Action Research, Ecofeminism, Systems thinking, Feminist-Systems thinking principles, sustainability

Abstract

We want to, and need to, do action research really well. The twentieth century has given us an epistemological buffet which has enriched the action researchers’ repertoires of practice. Included in this canonic feast are feminism and systems thinking, which both resonate strongly with action research and offer a liberating praxis that can change practitioners’ paradigms. And to do action research well, it helps to adopt an explicit feminist ethic of care. This chapter demonstrates the closeness of, or goodness of fit between, critical systemic thinking practice and a deliberately and selectively chosen school of feminism, cultural ecofeminism. The discussion takes us through a series of moral and ethical considerations that has the potential to strengthen our practice as action researchers. To make this matter of praxis simpler, the chapter concludes with the introduction of feminist-systems thinking principles which other works have shown can enhance action research practice at the planning, implementation and evaluation phases of the action research cycle.

Introduction

Getting action research right requires more than a moral undertaking to do justice to the research recipient.
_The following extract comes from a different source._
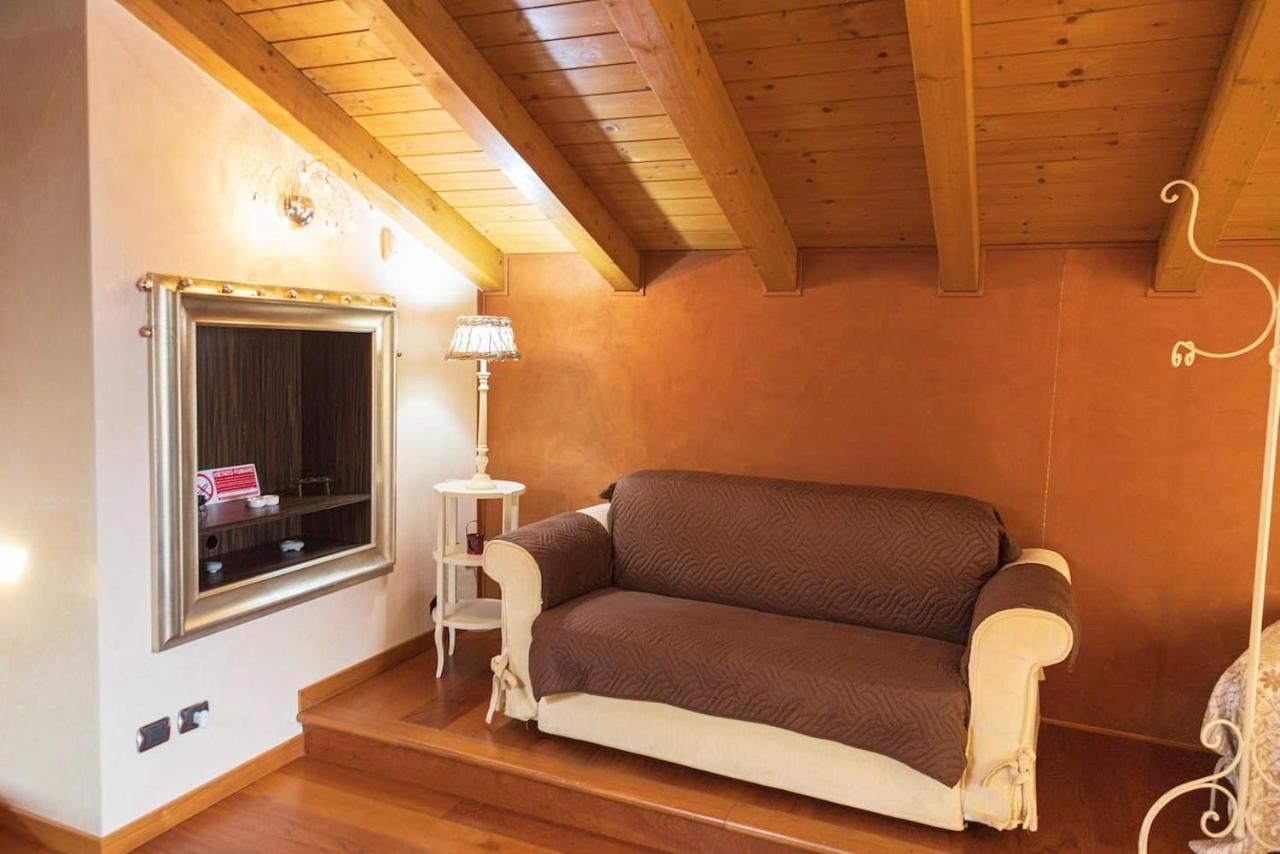 Il Sasso Bianco Bb Apartment Comerio Exterior photo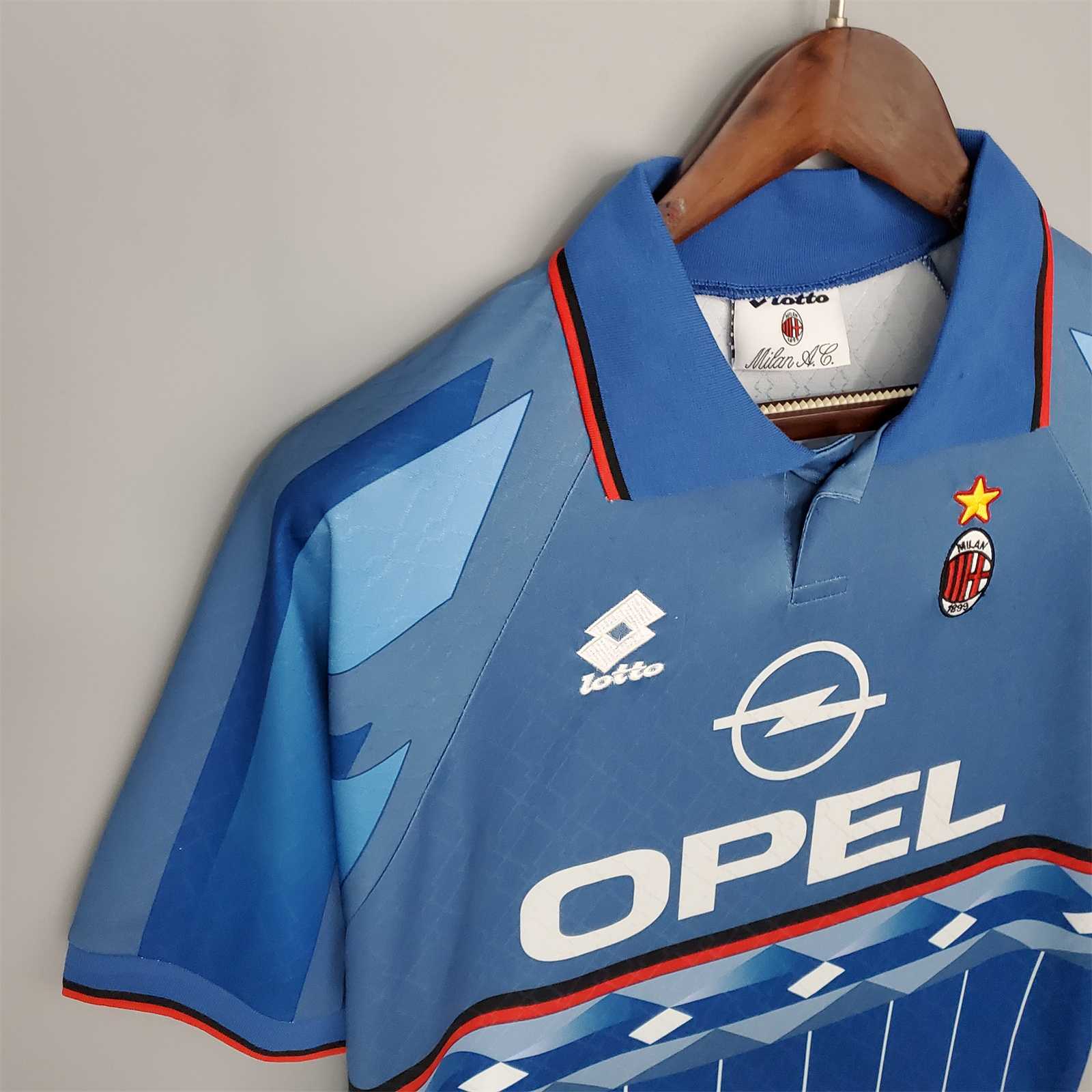 Baggio Milan Fourth Jersey 1995/96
It entails more than finding a set of willing participants, working with them, evaluating one’s activities and noting change within the research setting/participants or even within oneself. Action research needs also to entail a level of intellectual honesty that seizes opportunities to make visible the most marginalised. Silent hegemonies can express themselves in attitudes, ideologies, idiosyncrasies, customs and cultural practices, maintaining oppression at unconscious and subjective levels and awareness of their impact can remain hidden from view.

In this chapter I present a set of principles, or feminist-systems thinking (FST), that are ontologically driven by an ethic of care towards the emancipation of women and nature, pay particular attention to marginalised groups and that has the potential to enhance our practice as action researchers. The principles were derived from a systematic review of both critical systems thinking and cultural ecofeminism (Stephens, 2013a; Stephens, 2013b; Stephens, Jacobson, & King, 2010a, 2010b). The FST principles can be applied at any stage of the action research cycle: planning, implementation and as an evaluation tool. There are five principles, listed in no particular order and not required to be used as a set, but, their individual value to research is context-dependent. They are:

·  Be gender sensitive;

·  Value voices from the margins;

·  Centre nature;

·  Select appropriate method/methodologies; and

·  Undertake research towards social change.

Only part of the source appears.